___ Material shown ___
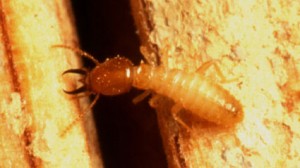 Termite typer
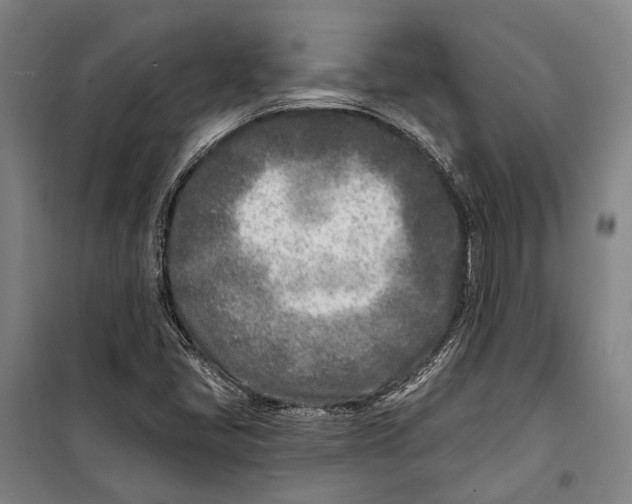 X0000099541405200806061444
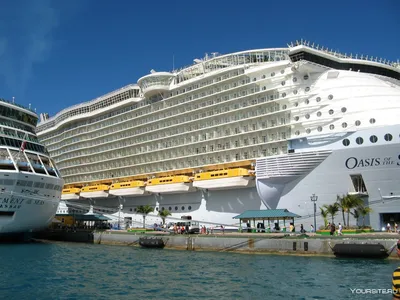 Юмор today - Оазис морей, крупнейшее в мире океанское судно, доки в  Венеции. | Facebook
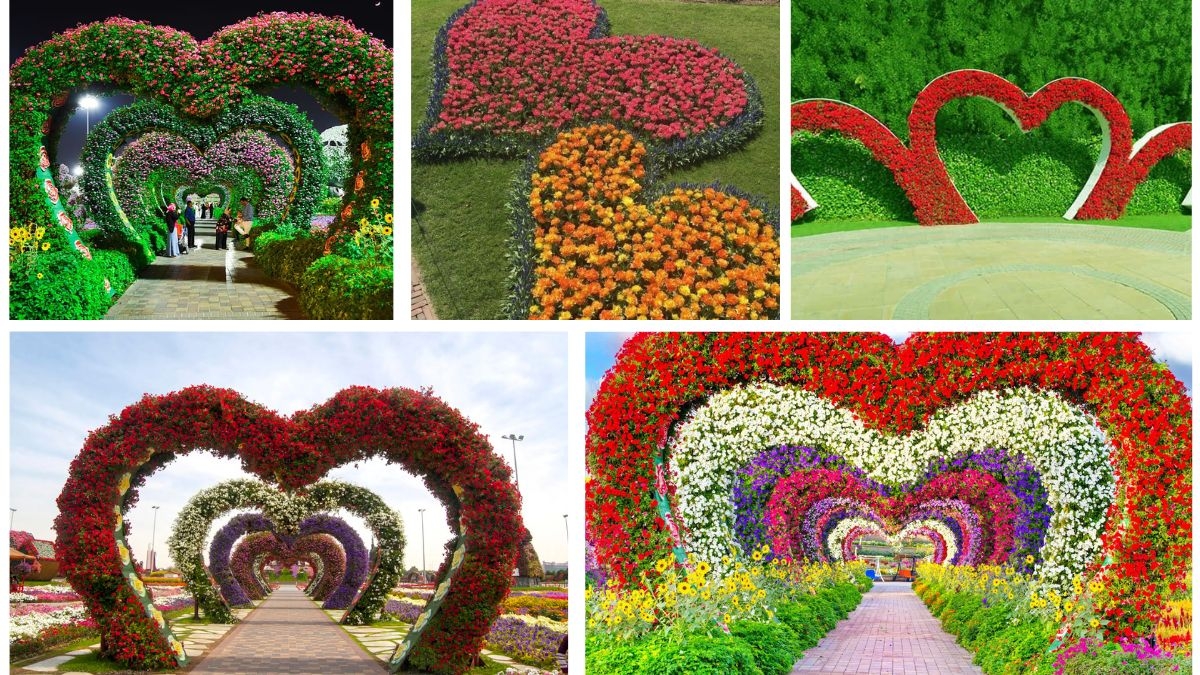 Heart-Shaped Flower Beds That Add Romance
___
___ Material shown ___
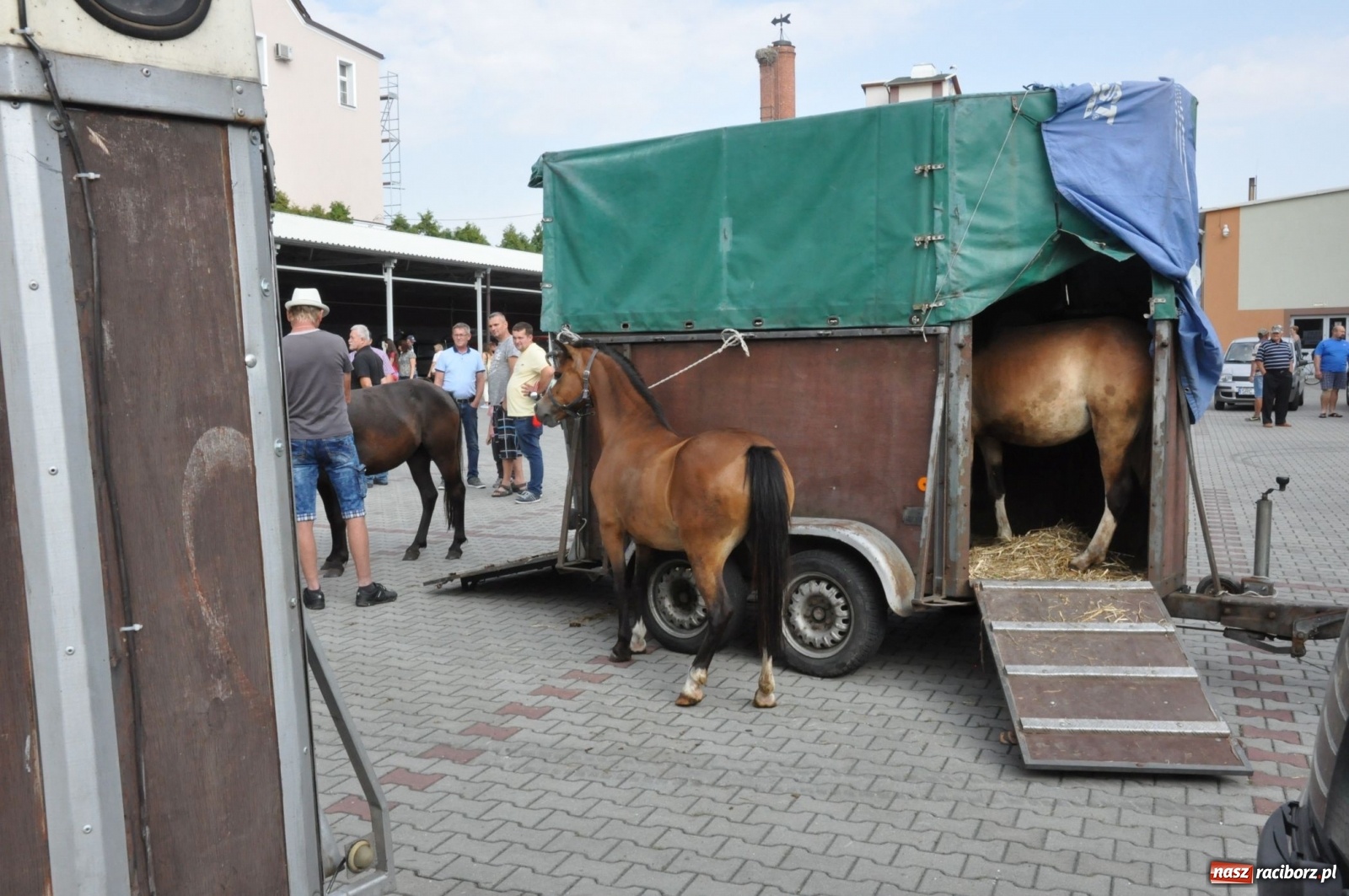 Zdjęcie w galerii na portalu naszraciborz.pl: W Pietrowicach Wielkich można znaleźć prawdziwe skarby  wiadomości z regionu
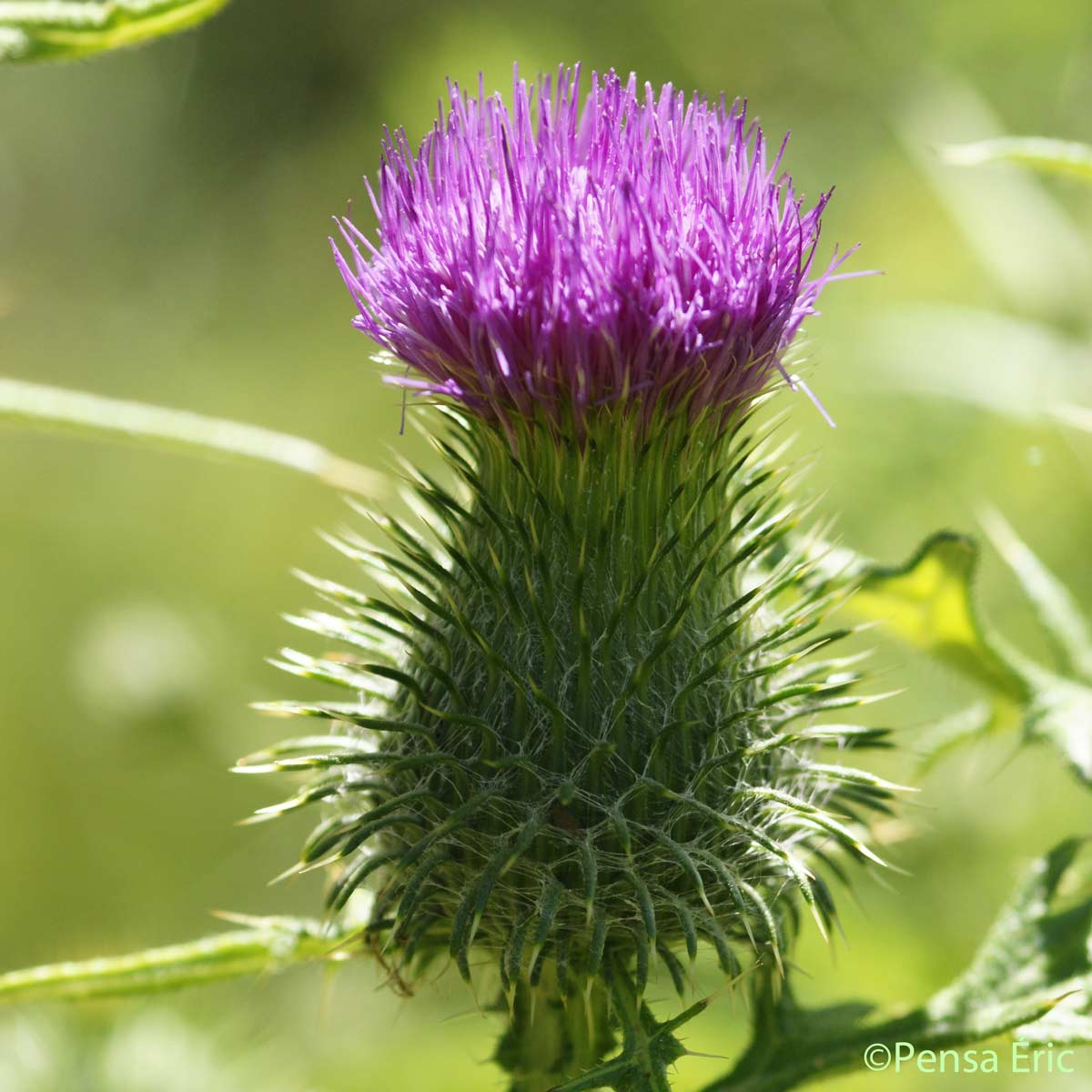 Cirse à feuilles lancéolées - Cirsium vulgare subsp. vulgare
___
___ Material shown ___
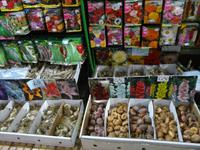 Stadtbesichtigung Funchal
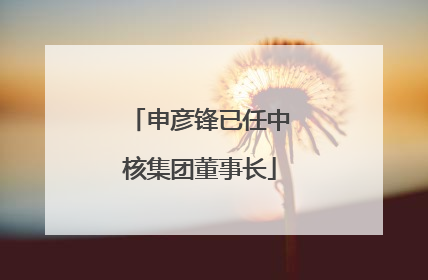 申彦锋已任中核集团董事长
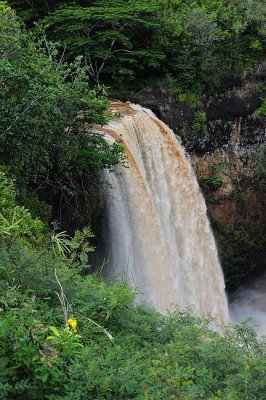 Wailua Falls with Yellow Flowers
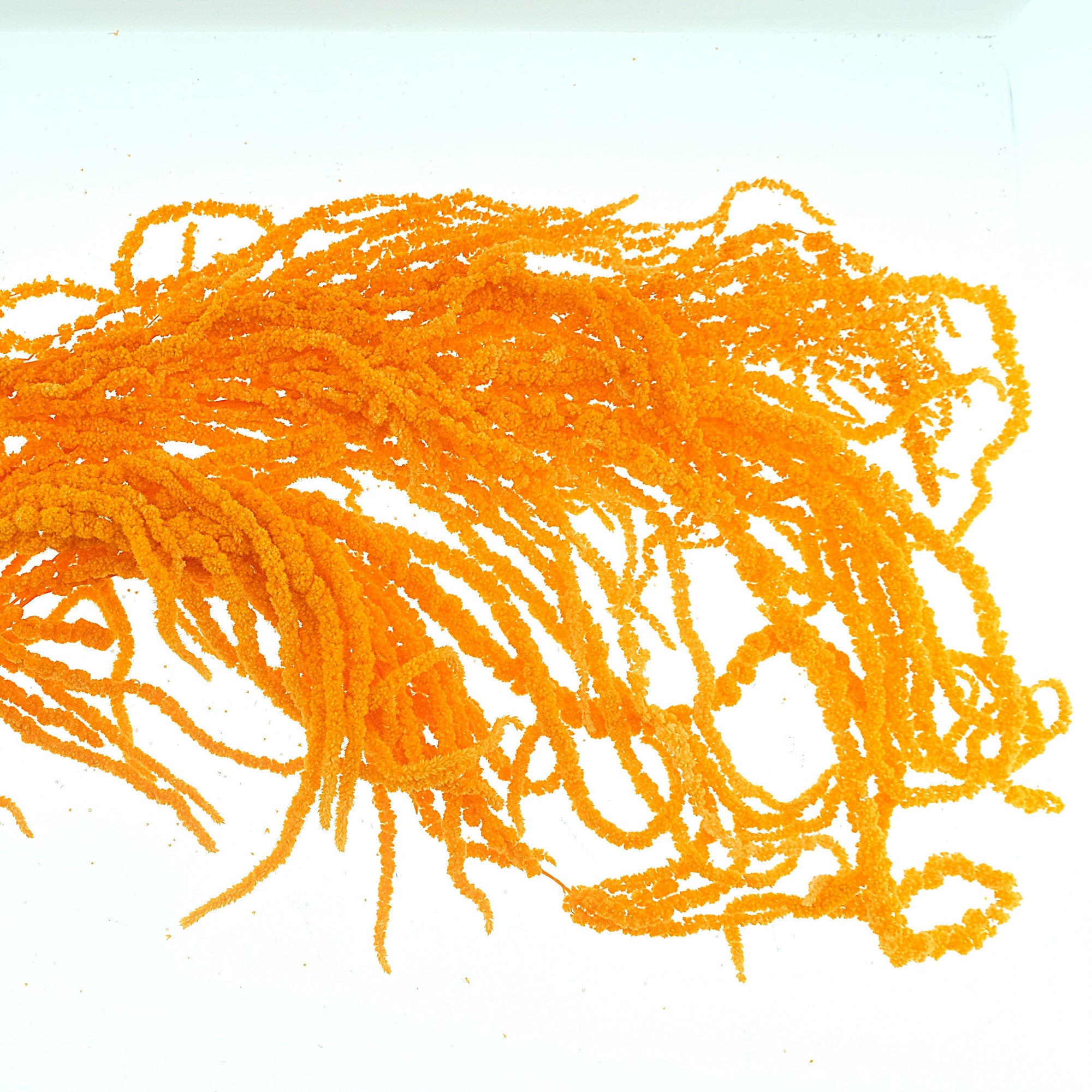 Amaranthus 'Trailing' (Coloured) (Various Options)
___
Retype the lines above exactly as they appear, from the line containing "Wailua Falls with Yellow Flowers" through the line containing "Amaranthus 'Trailing' (Coloured)", and leave out any pictures.

 Wailua Falls with Yellow Flowers
 Amaranthus 'Trailing' (Coloured) (Various Options)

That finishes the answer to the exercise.